[Material to process — start]

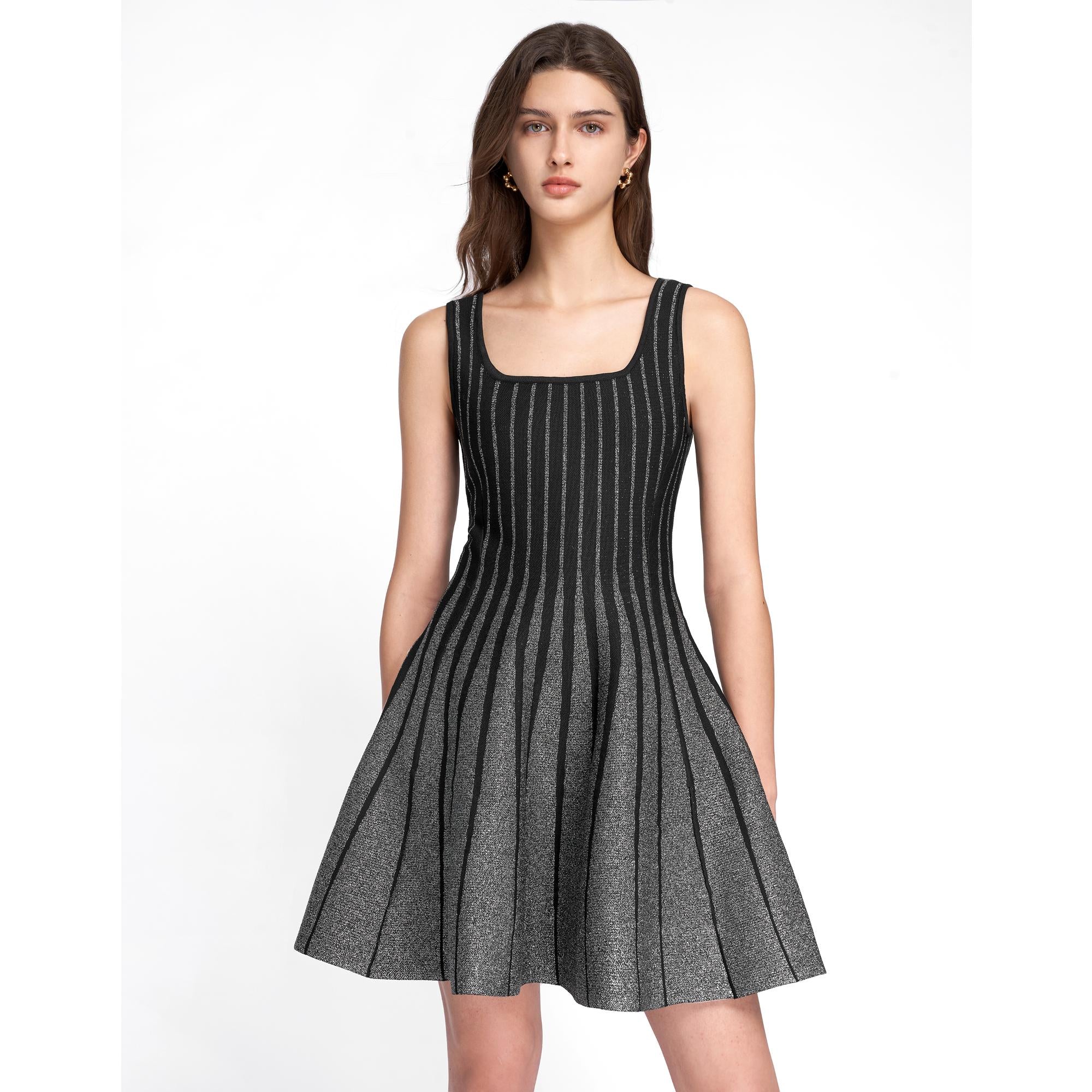 Square Neck Knit Short Dress - Black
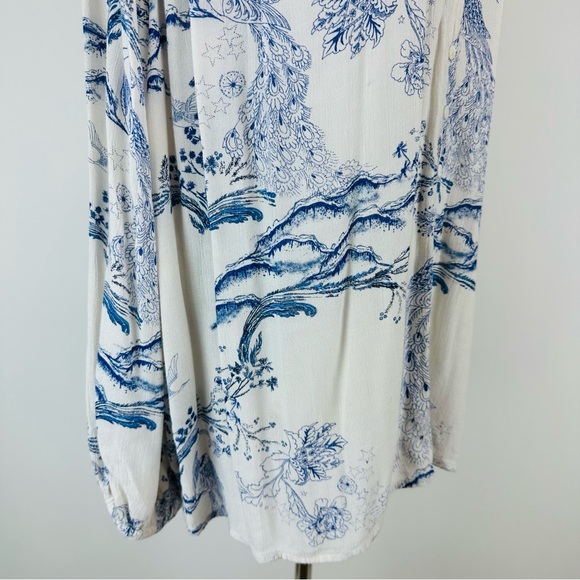 Free People Metallic Blooms Oversized Button Front Top Size XS - Picture 7 of 11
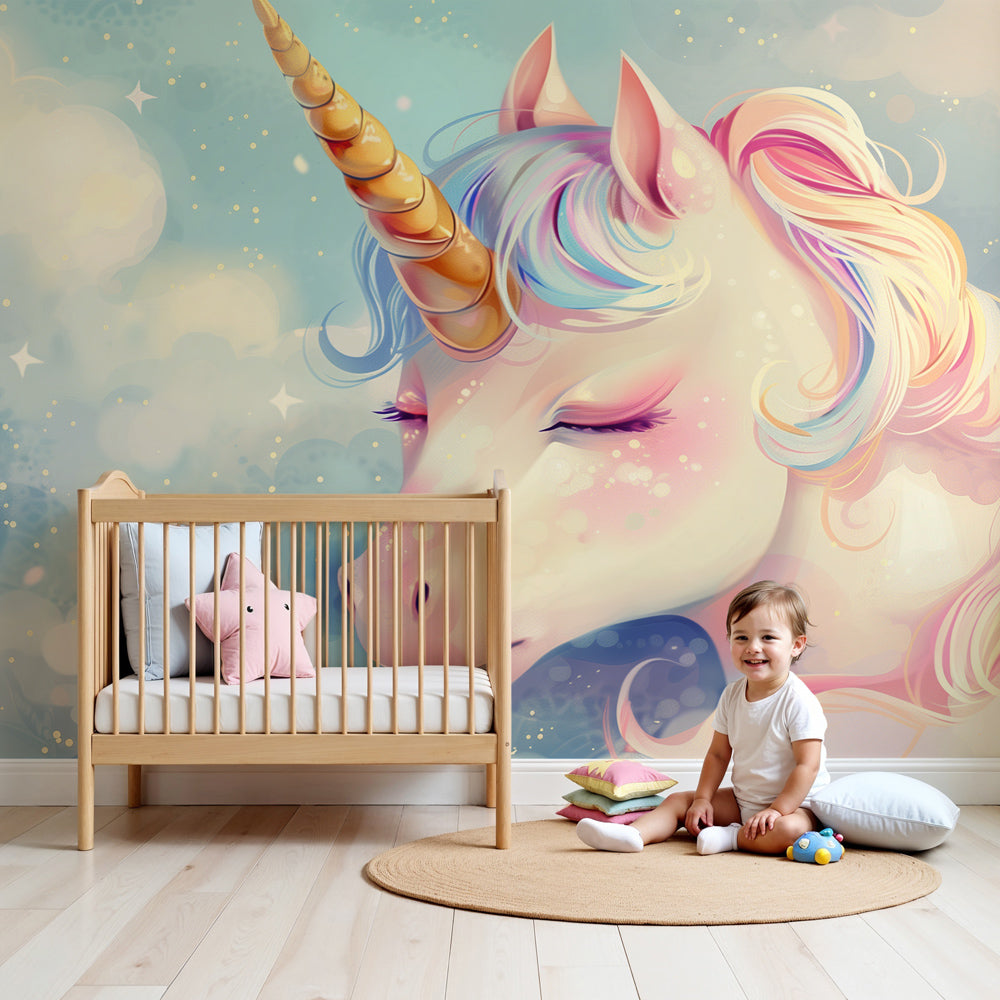 Kids-Mundo dreamy pastel unicorn wall mural fitted as a feature wall in a soft nursery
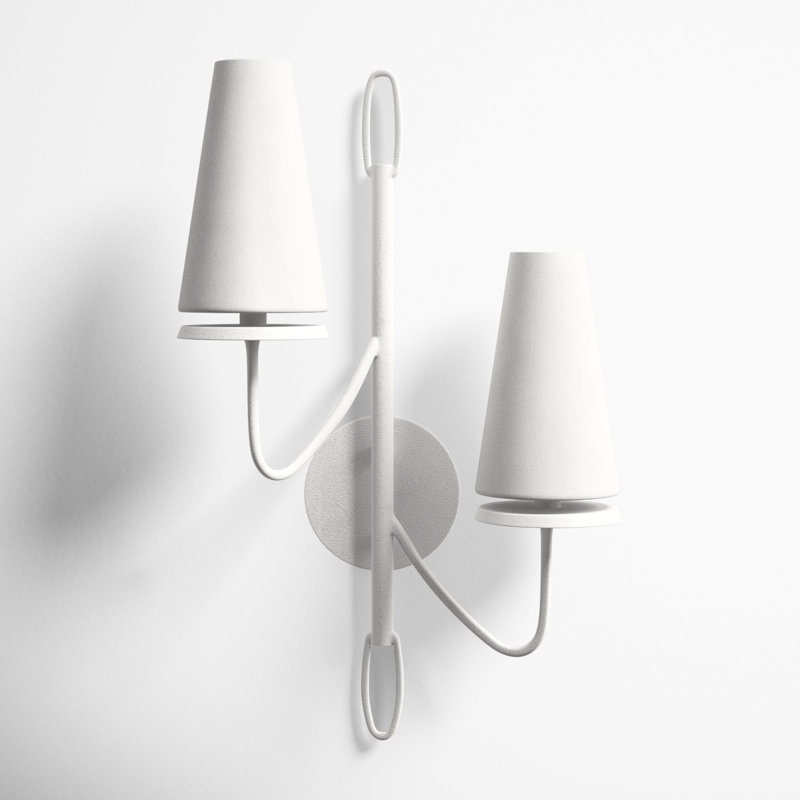 Walling Plug-in Armed Sconce, Gesso White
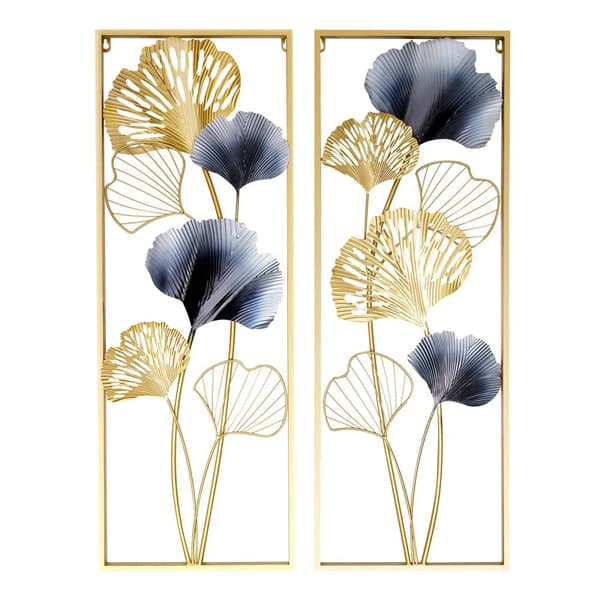 Ginkgo-lehdet Metalliseinätaide, Elegantti Kultainen Suunnittelu, Ihanteellinen Sisustukseen,Kultainen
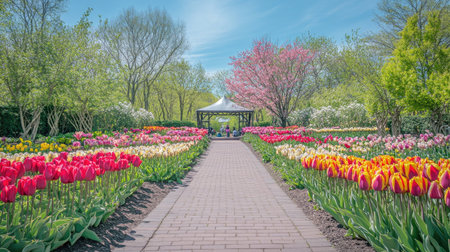 A scenic view of a flower garden pathway lined with vibrant tulips in red, yellow, and pink. A charming gazebo stands under a clear blue sky, surrounded by blooming trees.の素材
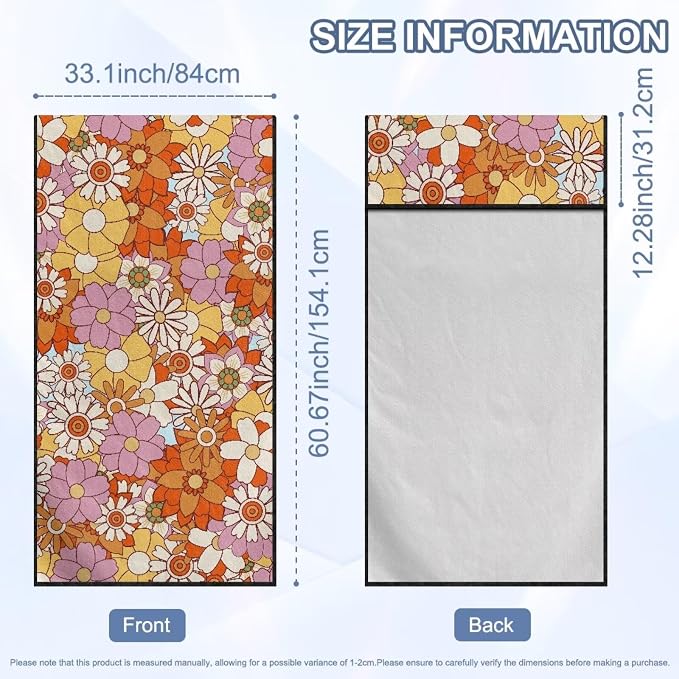 SEANATIVE Hippie Flowers Sweat Towel Car Seat Cover for Gym Running Athletes Fitness Workout, Auto Seat Pet Protector, Sports Towel Seat Covers for Cars - Image 7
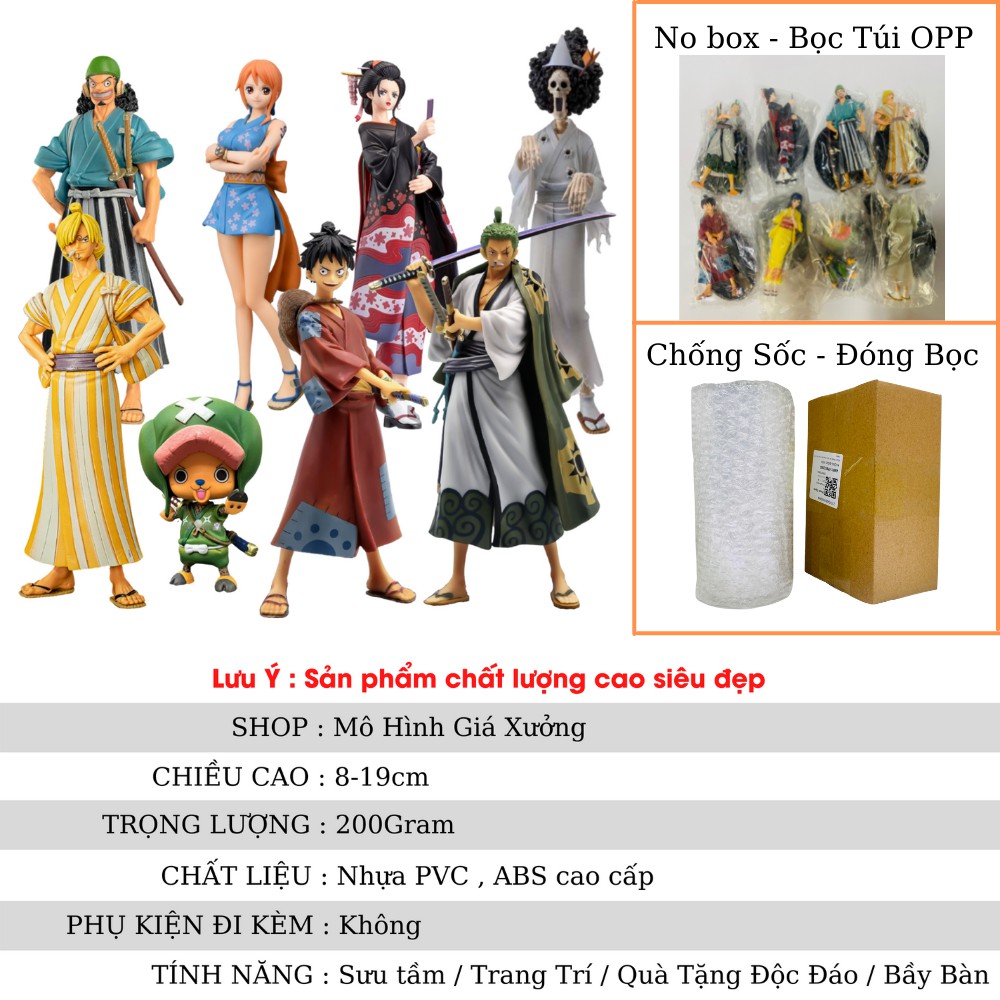 Mô hình One Piece Luffy Zoro Sanji Nami Robin Choper Usopp Brook O Kiku  ở wano quốc , figure anime one piece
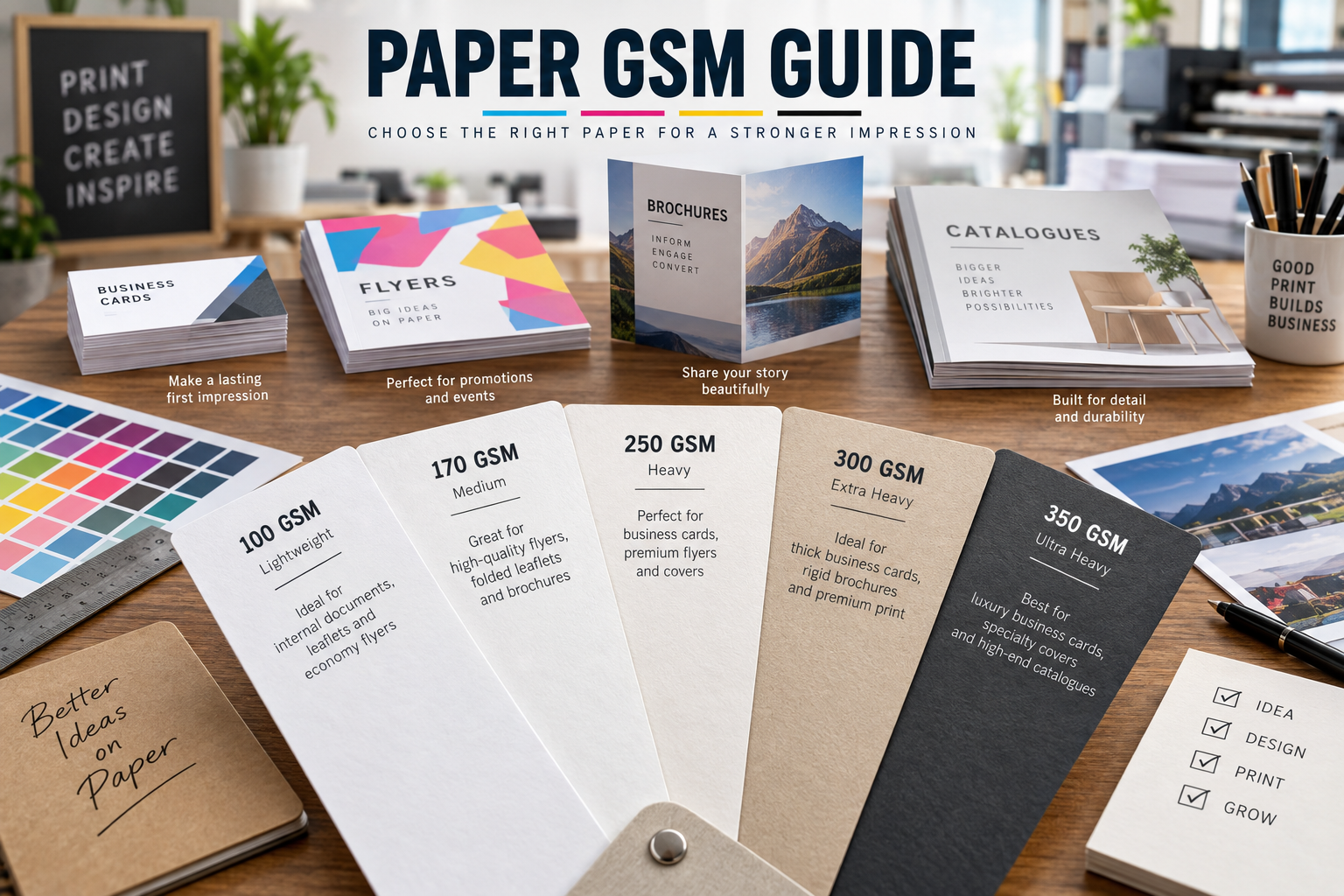Best Paper GSM for Business Cards, Flyers, Brochures & Catalogues - paper GSM for printing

[Material to process — finish]

The images in the entries above should be left out; please reproduce exactly the lines from the first through the one containing "Ginkgo-lehdet Metalliseinätaide, Elegantti".

 Square Neck Knit Short Dress - Black
 Free People Metallic Blooms Oversized Button Front Top Size XS - Picture 7 of 11
 Kids-Mundo dreamy pastel unicorn wall mural fitted as a feature wall in a soft nursery
 Walling Plug-in Armed Sconce, Gesso White
 Ginkgo-lehdet Metalliseinätaide, Elegantti Kultainen Suunnittelu, Ihanteellinen Sisustukseen,Kultainen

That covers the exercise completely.